Please help! Thanks in advance

aesthetics
  • 31
  • 5

2 Answers2

1

This will try to decode the JSON stream inside s iteratively:

s = '''{"_index": "1234", "_type": "11", "_id": "1234", "_score": 0.0, "fields": {"c_u": ["url.com"], "tawgs.id": ["p6427"]}}{"_index": "1234", "_type": "11", "_id": "786fd4ad2415aa7b", "_score": 0.0, "fields": {"c_u": ["url2.com"], "tawgs.id": ["p12519"]}}{"_index": "1234", "_type": "11", "_id": "5826e7cbd92d951a", "_score": 0.0, "fields": {"tawgs.id": ["p8453", "p8458"]}}'''

import json

d = json.JSONDecoder()

idx = 0
while True:
    if idx >= len(s):
        break
    data, i = d.raw_decode(s[idx:])
    idx += i
    print(data)
    print('*' * 80)

Prints:

{'_index': '1234', '_type': '11', '_id': '1234', '_score': 0.0, 'fields': {'c_u': ['url.com'], 'tawgs.id': ['p6427']}}
********************************************************************************
{'_index': '1234', '_type': '11', '_id': '786fd4ad2415aa7b', '_score': 0.0, 'fields': {'c_u': ['url2.com'], 'tawgs.id': ['p12519']}}
********************************************************************************
{'_index': '1234', '_type': '11', '_id': '5826e7cbd92d951a', '_score': 0.0, 'fields': {'tawgs.id': ['p8453', 'p8458']}}
********************************************************************************
Andrej Kesely
  • 81,807
  • 10
  • 31
  • 56
  • so if my "s" value is a json file that isn't a string object because I used json.dump() to write the file, how would I initially convert my file to become a json string type? when I try to use json.dumps() to write my file, I get back an empty set – aesthetics Jul 17 '19 at 18:19
  • @aesthetics Just load the content of the file with JSON objects inside `s`: `s = open('your_file.txt', 'r').read()` – Andrej Kesely Jul 17 '19 at 18:20
  • @aesthetics I don't have any experience with elasticsearch, but you either have some string that is containing JSON values or you will need to load this string from file. – Andrej Kesely Jul 17 '19 at 18:23
  • as a next step, and just for clarification, would there be a way to flatten the json if the type is a string to get it into a dataframe? – aesthetics Jul 17 '19 at 18:30
  • @aesthetics That's question for Panda/Numpy specialists, but I bet there are some methods for loading data directly from json.

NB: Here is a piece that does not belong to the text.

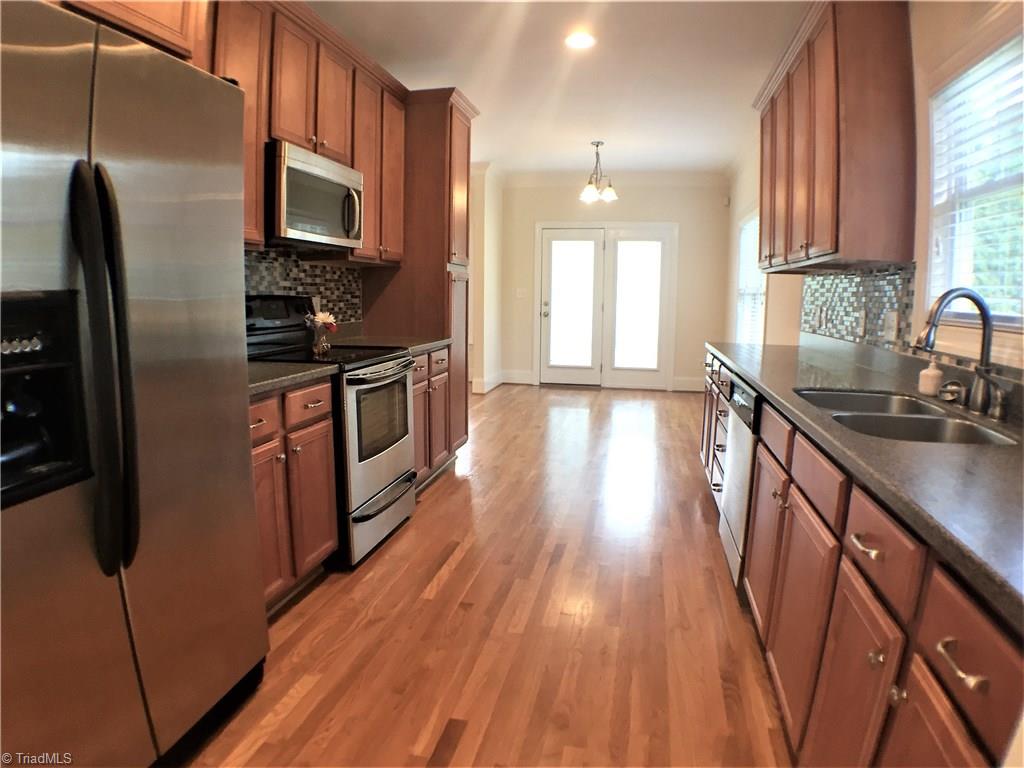 8275 Coldwater Road Stokesdale, NC 27357 - Photo 9 of 30 Kitchen Looking towards Breakfast Area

You may open other question, these comments are not suitable for it. – Andrej Kesely Jul 17 '19 at 18:34
0

The problem is in the data itself! In this data you use 3 values but without keys.

The first one is :

{"_index".... ["p6427"]}}

The second one is :

{"_index".... ["p12519"]}}

The third one is :

{"_index".... ["p8458"]}}

You'd rather affect to each value a key, for example :

{
"k1":{"_index": "1234", "_type": "11", "_id": "1234", "_score": 0.0, "fields": {"c_u": ["url.com"], "tawgs.id": ["p6427"]}},

"k2":{"_index": "1234", "_type": "11", "_id": "786fd4ad2415aa7b", "_score": 0.0, "fields": {"c_u": ["url2.com"], "tawgs.id": ["p12519"]}},

"k3":{"_index": "11_20190714_184325_01", "_type": "11", "_id": "5826e7cbd92d951a", "_score": 0.0, "fields": {"tawgs.id": ["p8453", "p8458"]}}
}

This way everything will work well and data will be well loaded.